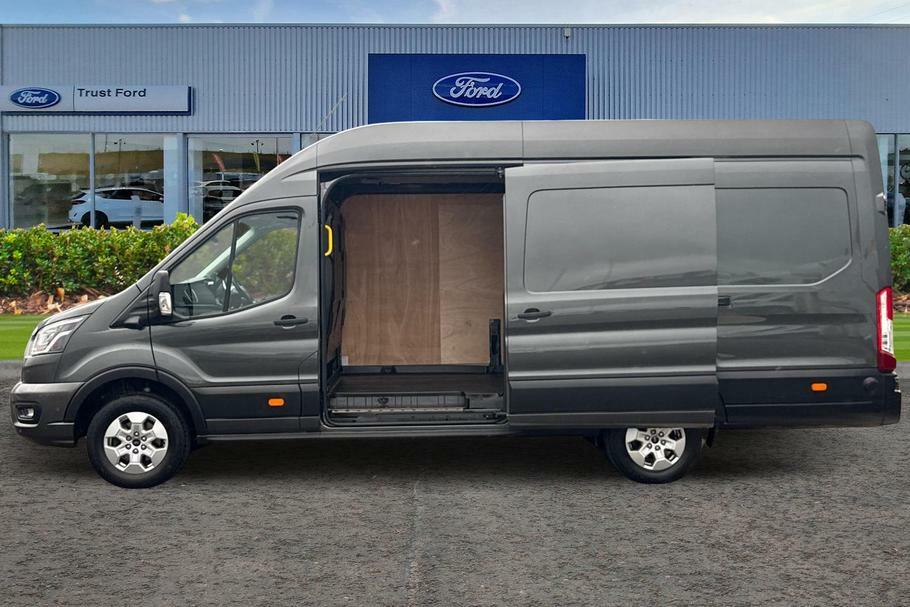 Ford Transit Custom 350 Limited L4 H3 Elwb High Roof Rwd 2.0 Ecoblue 1 WR75CXT Grey #5
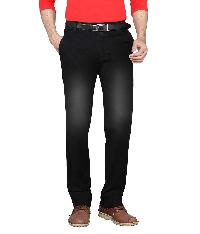 HALTUNG MENS SLIM FIT JEANS BLACK MW CR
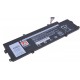 Baterie T6 Power Dell Chromebook 11 3120, 3800mAh, 43Wh, 3cell, Li-pol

○ ○ ○

* _EXERCISE OBJECTIVE_: Your answer should be the lines above from the one that contains "HALTUNG MENS SLIM FIT JEANS BLACK MW CR" through the last, set down exactly, with the pictures removed.

* _SOLVED PROBLEM_:
 HALTUNG MENS SLIM FIT JEANS BLACK MW CR
 Baterie T6 Power Dell Chromebook 11 3120, 3800mAh, 43Wh, 3cell, Li-pol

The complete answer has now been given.